The central government of Yemen has a categorical incentive to continue the level of aid. Unfortunately, this has led to many analysts to conclude that Yemen is intentionally keeping conflicts, specifically the Houthi rebellion, as unresolved in order to secure international aid (Winter 2010, 400). A similar skepticism is shared of the Yemeni government’s relationship with AQAP, given that US aid is contingent upon fighting the terrorist group (Hellmich 2012, 621). More specifically, if Yemen was to meet artificial ‘progression levels’ set by external actors the state could secure foreign aid but at the expense of domestic legitimacy. Rather than focusing on domestic support that could ultimately be more valuable in fighting an insurgency the state has sourced its power to external actors. The Yemeni government can only operate within the parameters of external foreign aid and would likely collapse with all external aid cut off.

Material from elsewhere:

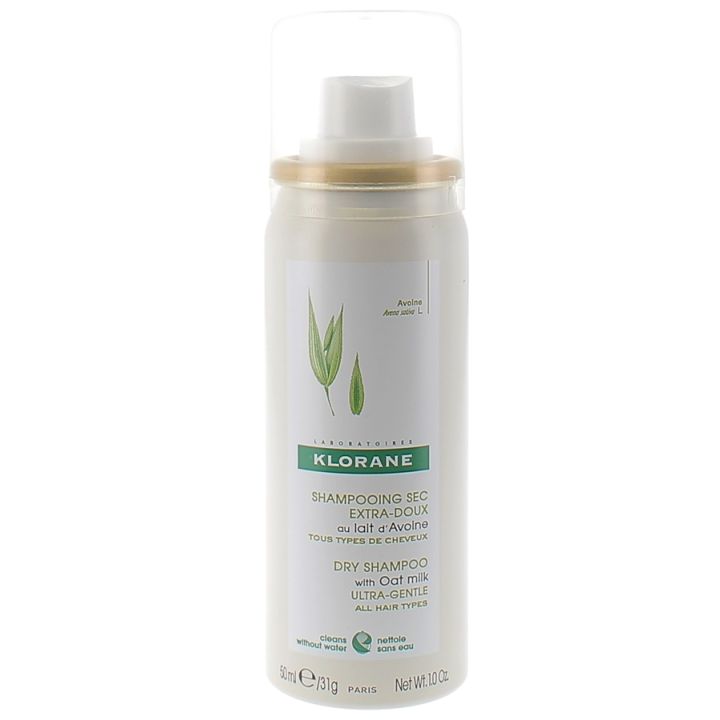 Shampooing sec extra-doux au lait d'Avoine Klorane - spray de 50 ml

Many of these domestic consequences are already manifesting themselves as complications within the national politics of Yemen. Even with current sustained levels of international aid Yemen is still one of the poorest Arab world states. In 2012 substantial political unrest during the Arab Spring caused the World Food program to increase rations by 2.7 million in only 8 months (Sharp 2012, 13). Food insecurity is one of many additional immediate needs required by a broad number of Yemeni citizens. Perhaps the long term problem and nonviolently solved dilemma facing Yemen is the end of its oil reserves. Despite the vast amounts of aid pouring into the Yemen state the ability of the national government to resolve long standing systemic issues is rapidly being constrained by falling oil production (Hill 2010, 4). Such a critical analysis of Yemen oil production is appropriate due to the fact that the industry’s revenue accounts for 90% of export profit and 75% of government income (Hill 2010, 7). The entire infrastructure and economy of Yemen is based around oil, and would be completely devastated without their primary resource. The World Bank has forecasted Yemen’s “petroleum output will fall to zero by 2017” (Fontaine and Exum 2010). This production loss has already been manifested, as two of the largest oil fields in Yemen decreased their production output by 12% between 2007 and 2010 (Hill 2010, 7). Without the primary resource of oil artificially sustaining the Yemeni government the central government could collapse (Plaut 2008). The overall trend therefore is the increasing importance of foreign aid to Yemen and its role in shaping domestic politics. Without an independent source of income the Yemeni government will be increasingly more dependent on foreign aid as oil production slowly wanes over the next decade.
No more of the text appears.